Hi Scott, thank you for your reply, I tried Zoloft (nothing except a pounding headache for 2 weeks), Paxil (PURE HELL stayed awake the whole 2 weeks I took it, and felt EXTREMELY Violent and Pissed off) I had MEGA Insomnia from my Depression Paxil made it 10 times worse. - Nortrpytaline, (Pounding Heart) Trilifon,(Psychotic) Elavil (worked to some extent with the Serzone I took 10mg tab of Elavil), Luvox(= Worthless for me) etc. so many I can barely remember them. Trilifon was for my racing thoughts, but Serzone took care of them better than the Trilifon. Oh yes I did take Trazodone also, HOWEVER my face got kind of red and my left nostril plugged shot like an allergy to pollen, so doc at that time said forget that one. BUT I may end up going back on Trazodone, I mean isn't it virtually the same as Nefazodone ? I need your support, and appreciate it, this is a very strssful difficult time for me with this controversy. I prefer to just stay on it and keep check my stool and piss, and getting LFT tests. My current Doc actually got MAD at me for wanting a liver test every 3 months, and threatend to send me to Psycho-Therapy to get me off of the Liver tests every 3 months, said once a year was fine.

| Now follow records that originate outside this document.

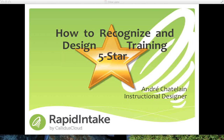Hello. Welcome to How to Recognize and Design Five Star Training. I'm Andre Chatelain, Product Manager for Rapid Intake. I have a Master's Degree in Instructional Design and Educational Psychology from the University of Utah. I've been working as an instructional designer for over seven years.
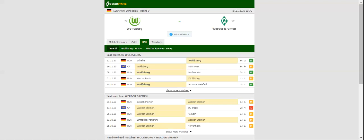Werder Bremen, on the other hand, shared the spoils with each of their previous five rivals in Bundesliga. Werder Bremen did well to hold Bayern München to a draw at Allianz Arena.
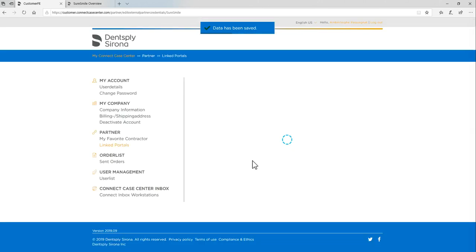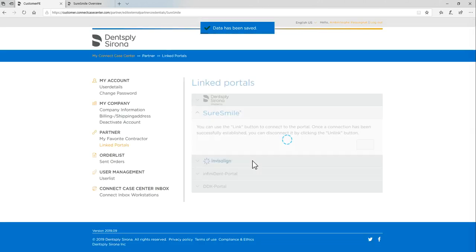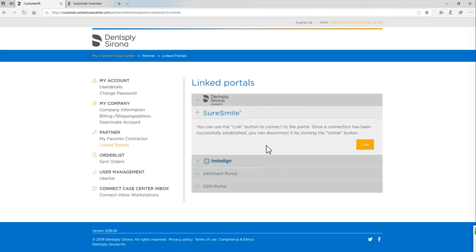This will automatically prompt you to link your SureSmile account under linked portals. Both of these steps will need to be completed in order to successfully submit your SureSmile cases using the Sirona Connect portal. And that's how you link your SureSmile account.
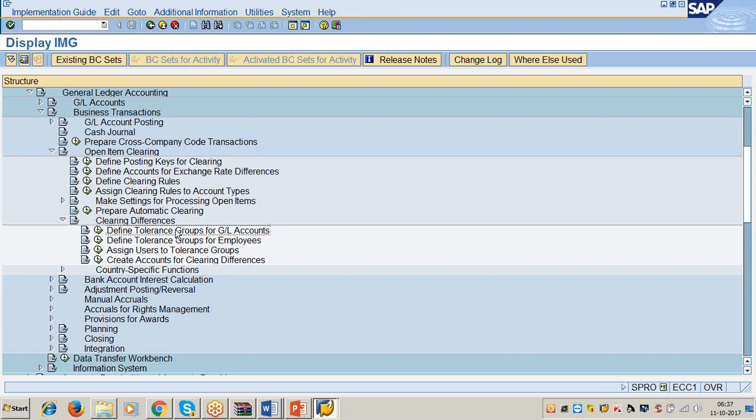If you know the path, you can find the transaction code. I will explain this technique. First let us complete the step. Transaction code OBA0.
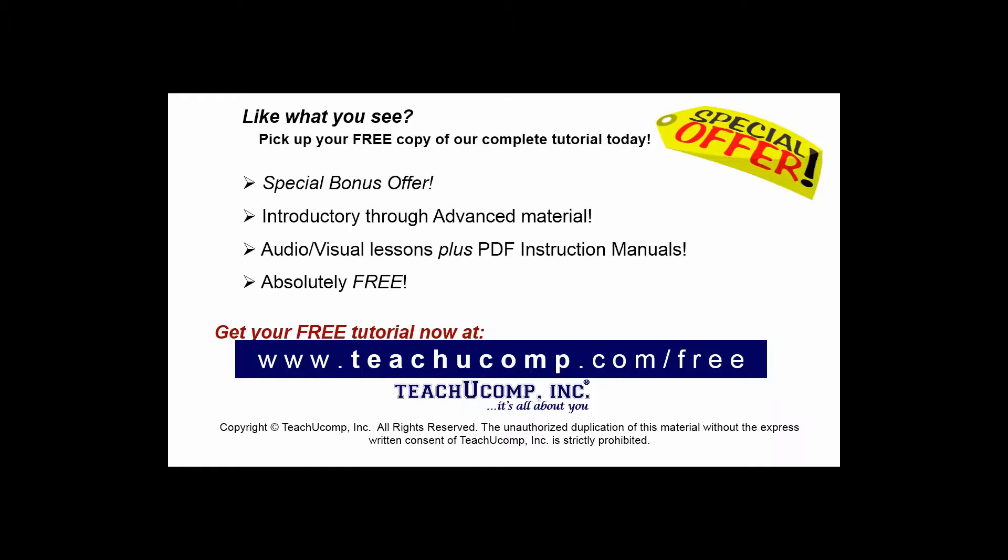Like what you see? Pick up your free copy of the complete tutorial at www.teachucomp.com/free.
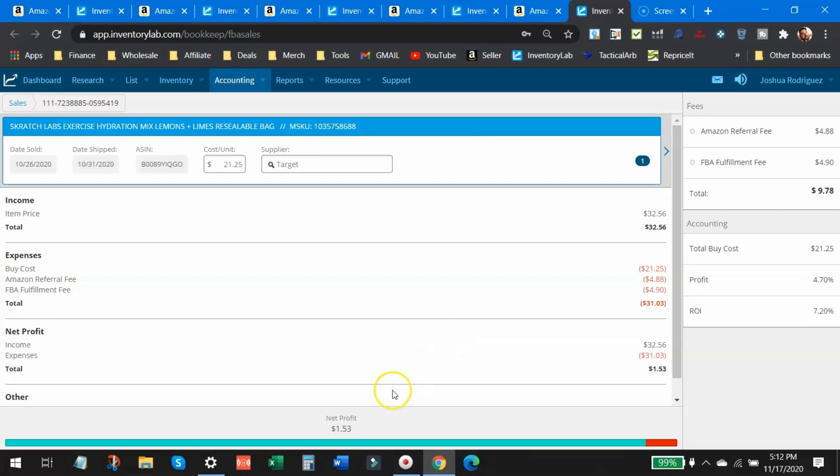But that's retail arbitrage. That's online arbitrage. That is the game with Amazon. You're going to take some wins and you're going to take some losses, but hopefully your wins are way better than your losses and you come out ahead in profit.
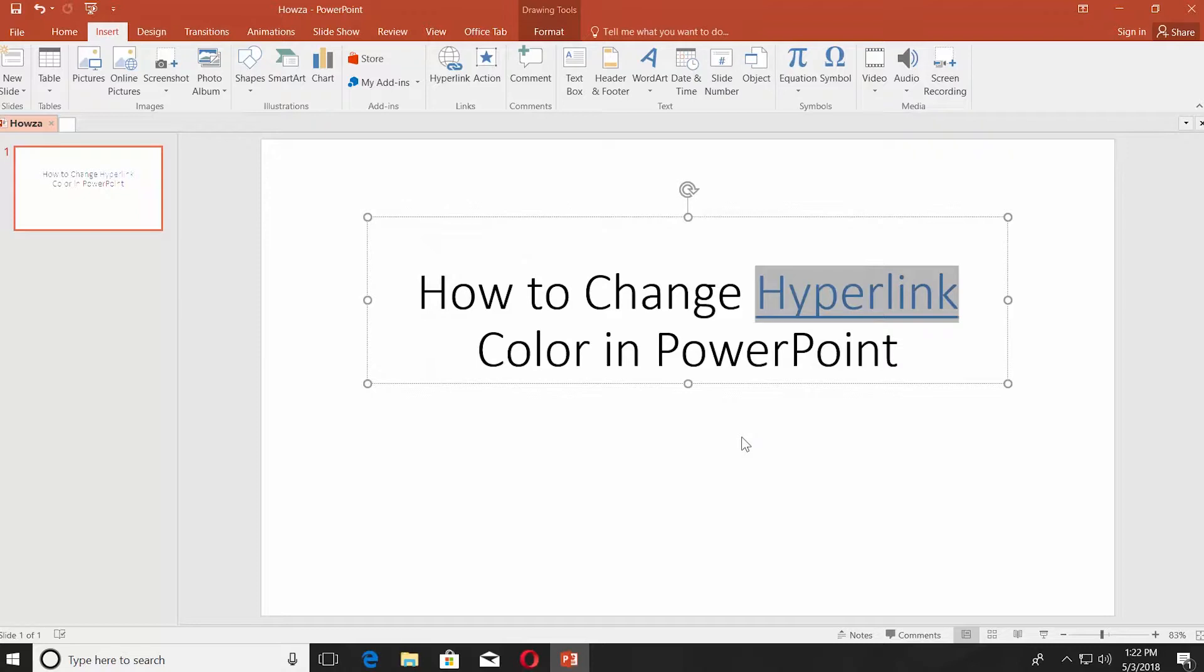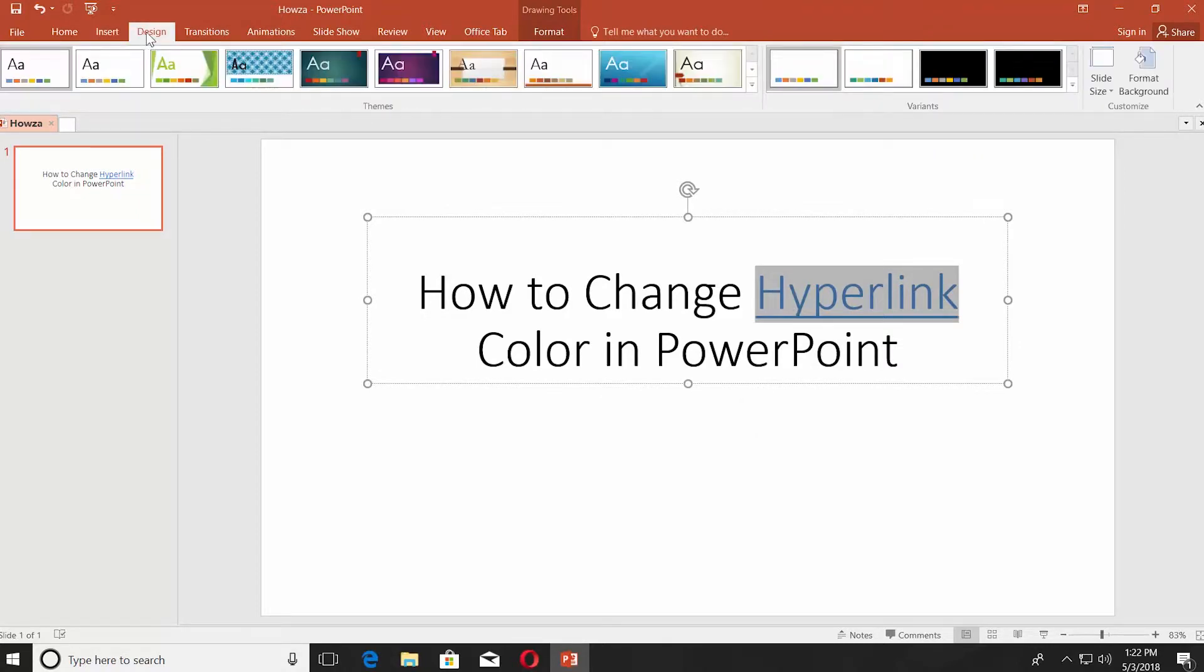You can see the hyperlink color by default is blue. Let's change that. Go to Design tab, click on the tiny arrow to see the full list. You can choose the design and it will change the color.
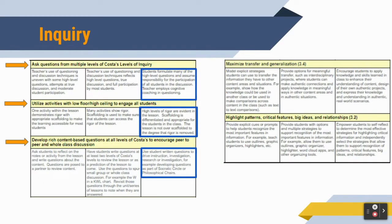A very similar story unfolds in the inquiry section. In the inquiry section, there are five overall categories, and in three of those categories, Socratic seminars allow us to achieve scores of three.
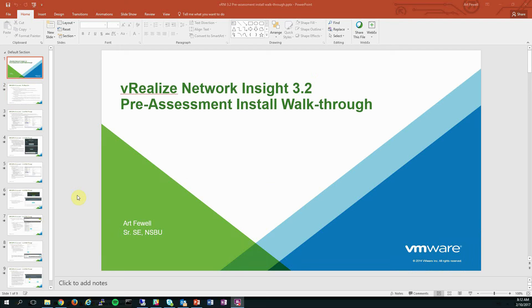Hi, my name is Art Fuel and I'm a Systems Engineer with the Networking and Security Business Unit at VMware. And today I'll be walking through a basic installation of vRealize Network Insight 3.2 for the purpose of conducting a pre-assessment.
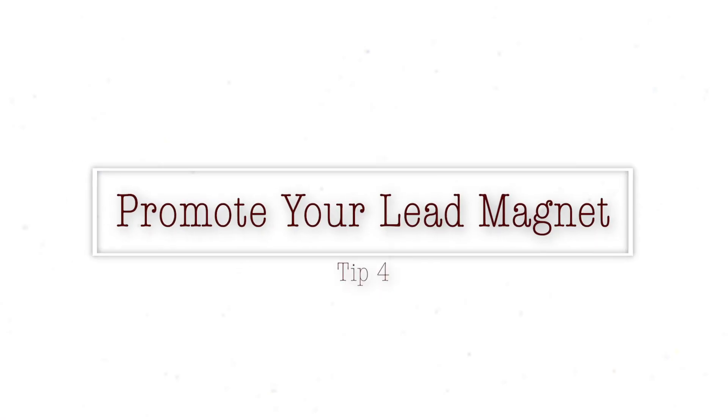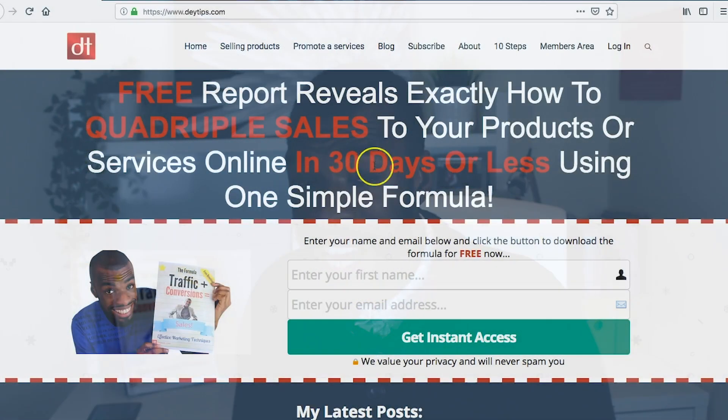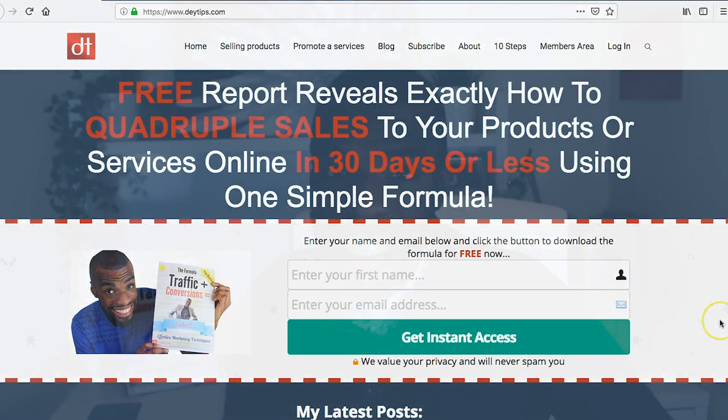Once you've created that lead magnet, you want to start promoting it. Make sure it's in a prominent place on your website — at daytips.com, the formula is one of the primary things visitors see. I also have exit pops, so when someone is about to leave, my formula pops up and says, hey, don't leave before you sign up. I also have my formula in the background of my YouTube videos. You need to be telling people it's there — don't hide it, put it somewhere prominent so people know it's valuable and they should download it.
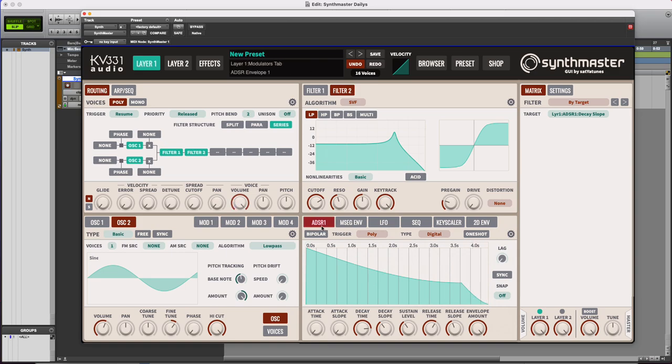That one is all automatically connected to your volume right here. Now if we want to use other ADSRs to modulate other aspects...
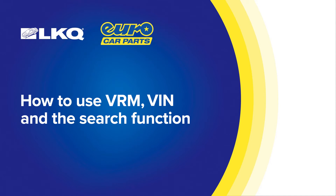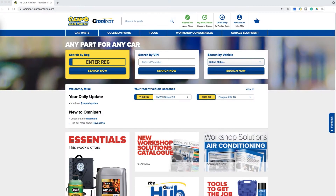How to use VRM, VIN, and the search function. There are three ways to perform a vehicle lookup on Omnipart. The three boxes at the top of the screen show you each option.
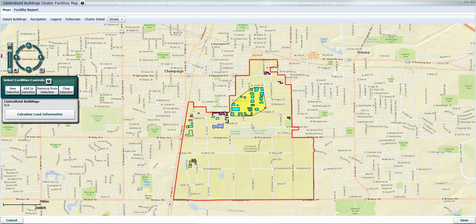That's all that needs to be done here. If we wanted to add additional buildings, it works the same way as in the central system facilities section. You could additionally just click 'add to selection' and highlight more buildings or remove them using the buttons here. We're going to go ahead and save this group of buildings.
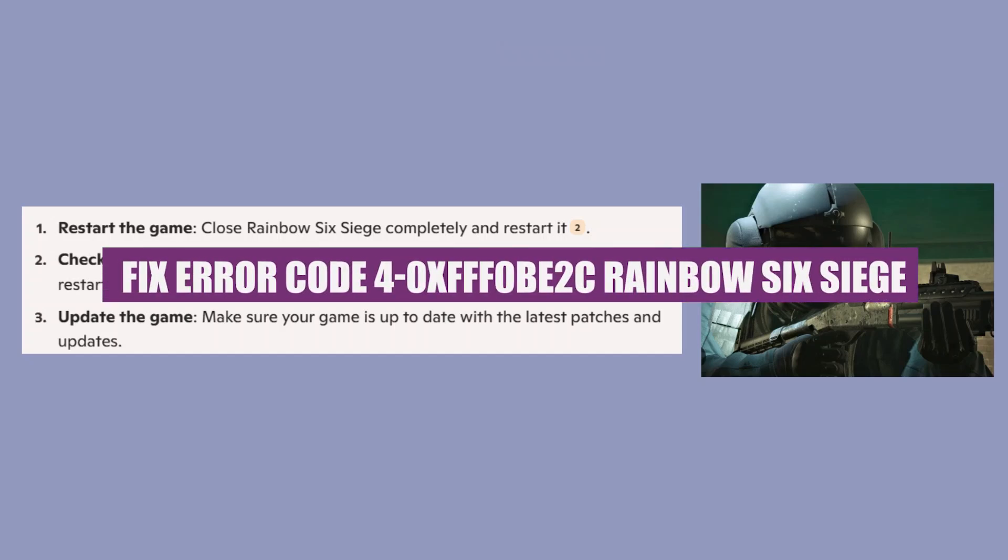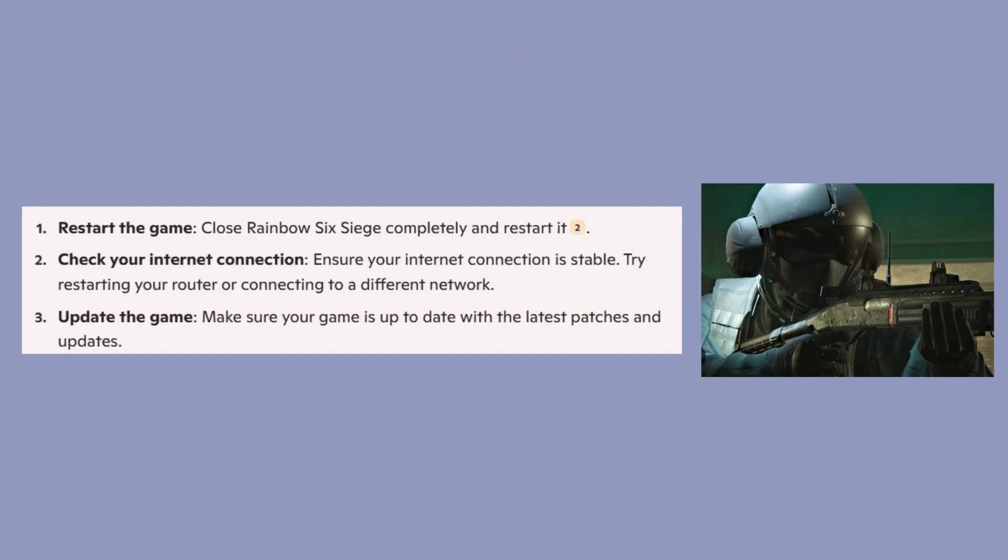Hey guys, in this video we will see how to fix error code 4-0XFFF0BE2C in Rainbow Six Siege.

I know Nefazodone/Serzone is 3rd line Anti Depressant, but for me it was TOP OF THE LINE, I really felt the benefits pretty quickly.

Sincerely - Tony C.

 

Re: I GIVE UP CAN'T TAKE NO MORE - SERZONE/NEFAZOD

Posted by MissAmy on June 28, 2004, at 4:14:03

In reply to Re: I GIVE UP CAN'T TAKE NO MORE - SERZONE/NEFAZODONE, posted by Tony C. on June 27, 2004, at 20:47:49

" My current Doc actually got MAD at me for wanting a liver test every 3 months, and threatend to send me to Psycho-Therapy to get me off of the Liver tests every 3 months"

Dear Tony,
It sounds like some psychotherapy or counseling might HELP with your level of depression---I cannot just take meds--I have to be addressing childhood issues/current issues to help me beat the blues and therapy is an important place to start.. I have always been told they go hand in hand---some doctors (although the number seems to be dropping anymore--hehe!) get upset when they hear patients are not getting therapy while they are on medication. Cognitive Behavioral Therapy REALLY really helped me with my anxiety attacks and everytime I get one I refer to my little panic workbook (In fact, I just ordered a new one since I am moving to a big city soon and I am a bit freaked out!--I lost my old one because I had not had to refer to it for a few years). Anyway...try to think positively and don't wig yourself out! (I am good at wigging myself out and getting those "what if???" feelings too). Do your very best to "stay in the moment" and not catastrophize--with some practice it can be done! I got a neat book the other day called "The Places that Scare You" (or something like that) by Pema Chodron--it is a buddhist book about staying in the moment, allowing pain and easing suffering. If you have a library card or if you can order it off amazon it might help--it helped me put some things into perspective. Good luck, babe. Everything will be okay. It just seems whacked right now. :) Hope you feel better soon!